→ **PROMPT**
Pull out every line in the data that has the string "Picture" in it.

→ **PROVIDED INFORMATION**
+-------+

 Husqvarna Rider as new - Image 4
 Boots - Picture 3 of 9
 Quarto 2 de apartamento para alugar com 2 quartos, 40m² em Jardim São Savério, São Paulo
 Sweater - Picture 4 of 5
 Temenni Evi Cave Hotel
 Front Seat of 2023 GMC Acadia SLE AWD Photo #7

+-------+

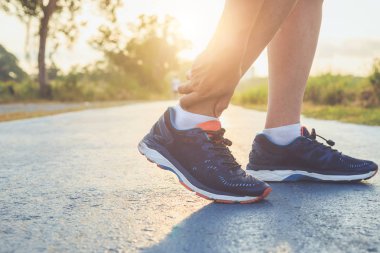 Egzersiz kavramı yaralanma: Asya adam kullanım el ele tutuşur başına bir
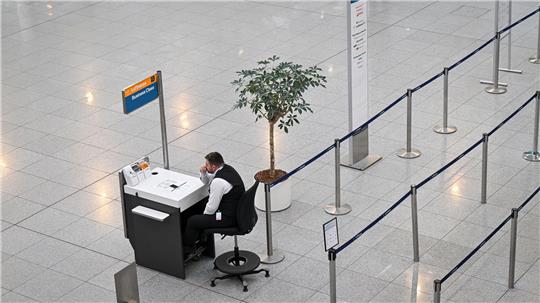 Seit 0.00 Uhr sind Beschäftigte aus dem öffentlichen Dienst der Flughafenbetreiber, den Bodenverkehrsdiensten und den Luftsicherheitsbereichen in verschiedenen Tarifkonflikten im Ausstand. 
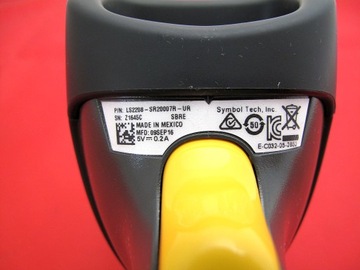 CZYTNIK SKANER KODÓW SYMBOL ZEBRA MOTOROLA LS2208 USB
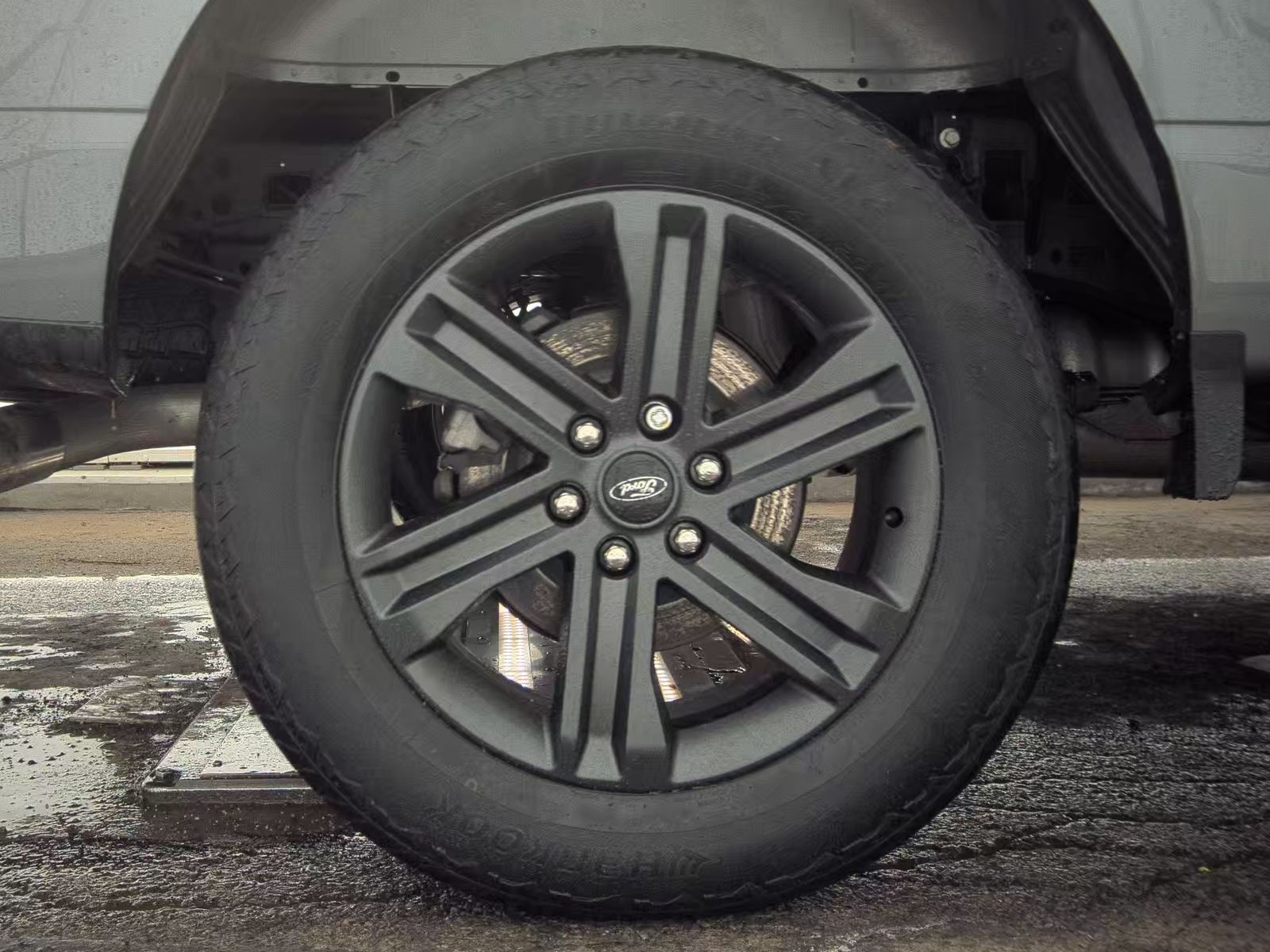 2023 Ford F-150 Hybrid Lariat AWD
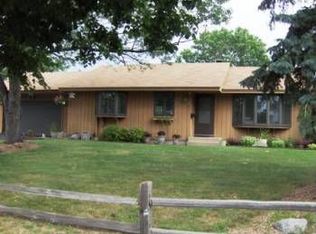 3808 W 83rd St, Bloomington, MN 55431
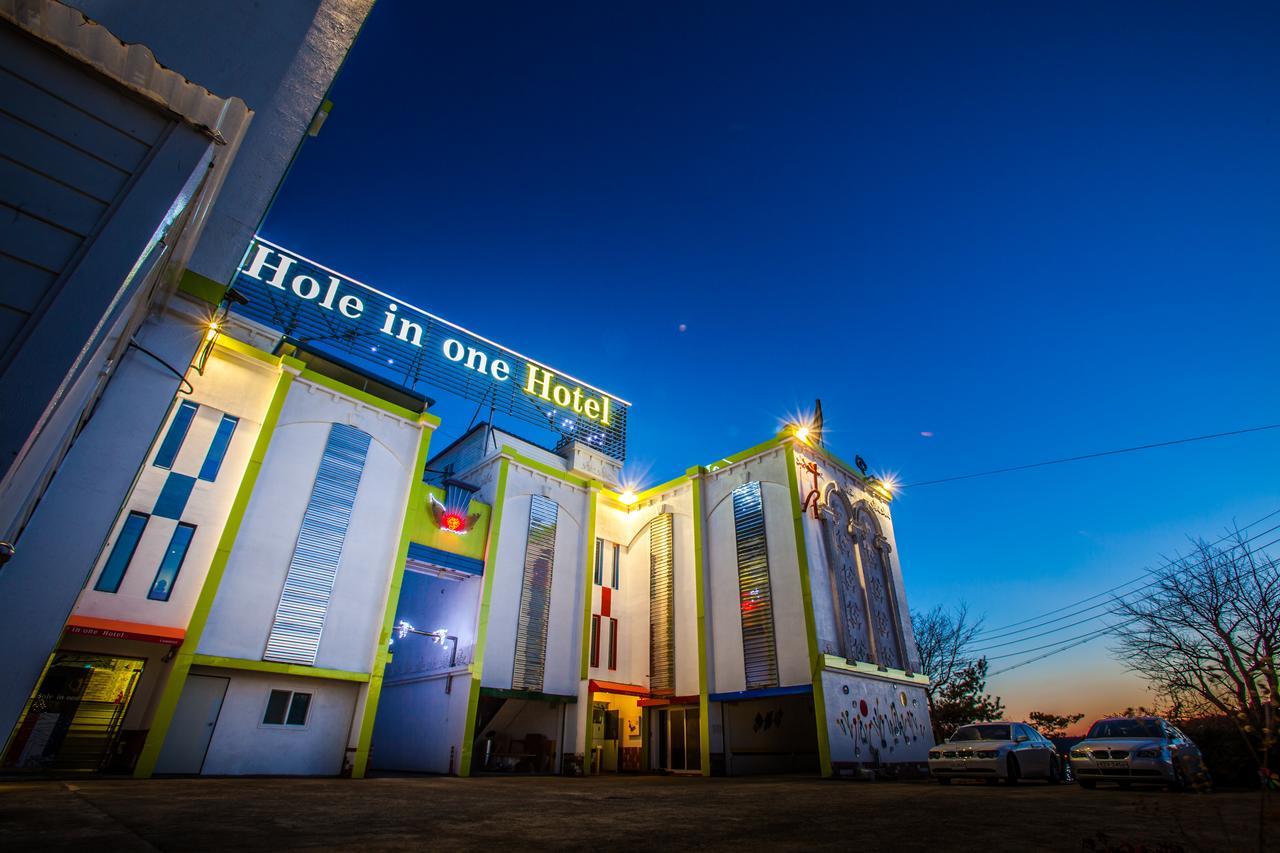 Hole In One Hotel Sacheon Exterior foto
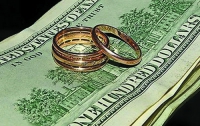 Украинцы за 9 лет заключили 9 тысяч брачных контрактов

+-------+

→ **RESULT BELOW**
 Boots - Picture 3 of 9
 Sweater - Picture 4 of 5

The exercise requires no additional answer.